Basically, the statement consists of Comey’s bare-bones account of his uncomfortable interactions with Donald Trump in the months leading up to his firing.

Some bits and pieces:

  • He notes that he decided from the start that he would keep detailed notes on these encounters, starting with writing them on a laptop in his car outside Trump Tower immediately after their first meeting.comey mug
  • That was NOT anything he had felt compelled to do working for Barack Obama.
  • In his years working for Obama, he had only met with the president alone twice — the second time just for the president to say goodbye before leaving office — and never spoken with him alone on the phone. But “I can recall nine one-on-one conversations with President Trump in four months – three in person and six on the phone.” And each one he tells about seems to have made him quite uncomfortable.
  • Even as Comey tried to sidestep the question, Trump asked him repeatedly for his fealty at a private dinner on Jan. 27: “I need loyalty.

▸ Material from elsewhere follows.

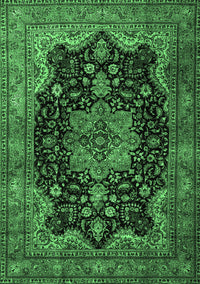 Persian Emerald Green Traditional Rug, tr1871emgrn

I expect loyalty.” As Comey relates, “I didn’t move, speak, or change my facial expression in any way during the awkward silence that followed. We simply looked at each other in silence. The conversation then moved on, but he returned to the subject near the end of our dinner.”
  • When, on Valentine’s Day, Trump asked Comey to back off Mike Flynn, saying “He is a good guy and has been through a lot,” Comey again tried to get through the conversation without compromising himself or his investigation: “I replied only that ‘he is a good guy.’ (In fact, I had a positive experience dealing with Mike Flynn when he was a colleague as Director of the Defense Intelligence Agency at the beginning of my term at FBI.) I did not say I would ‘let this go.'”
  • In a conversation on April 11 that sounds like something from “The Sopranos,” Trump appears to make another appeal for loyalty, saying “I have been very loyal to you, very loyal; we had that thing you know.” Comey, with typical understatement, simply notes: “I did not reply or ask him what he meant by ‘that thing.'”

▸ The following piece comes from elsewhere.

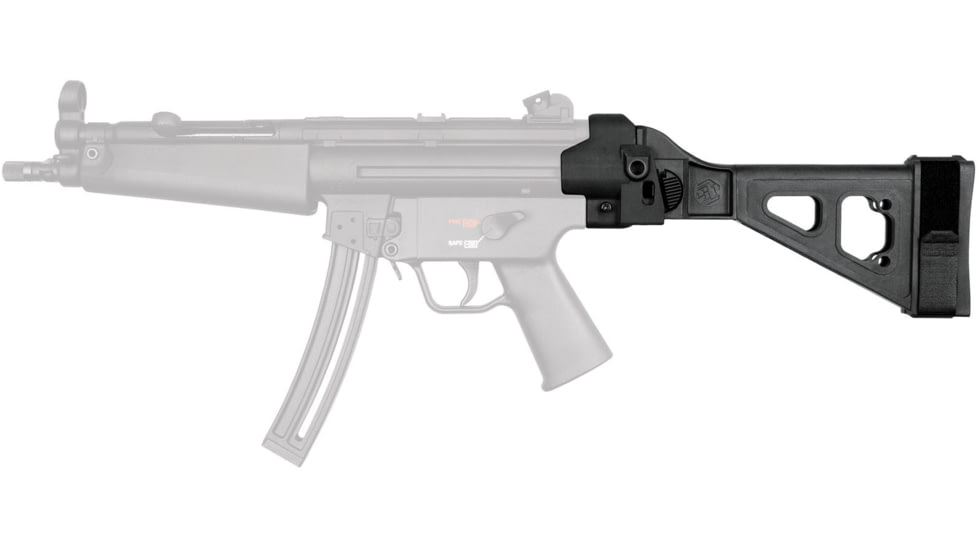 SB Tactical SBT5-22 Side Folding Brace, Black, Complete, SBT522-01-SB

Comey is sparing in his observations, but is clearly disconcerted by these conversations with a boss who has no understanding whatsoever of boundaries or propriety. It’s like reading the account of a very careful, methodical professional who feels trapped in bizarre situations with some volatile, outlandish creature who cannot be expected to act according to the normal patterns of civilized human behavior, like Jabba the Hutt or Baron Harkonnen.

When the account ends with “That was the last time I spoke with President Trump,” one imagines a huge sigh of relief.

Comey doesn’t make value judgments, except for dryly indicating that he had never felt the need to keep a record of his conversations with a president before. But the whole account sounds like a man holding himself back from saying, “WTF?”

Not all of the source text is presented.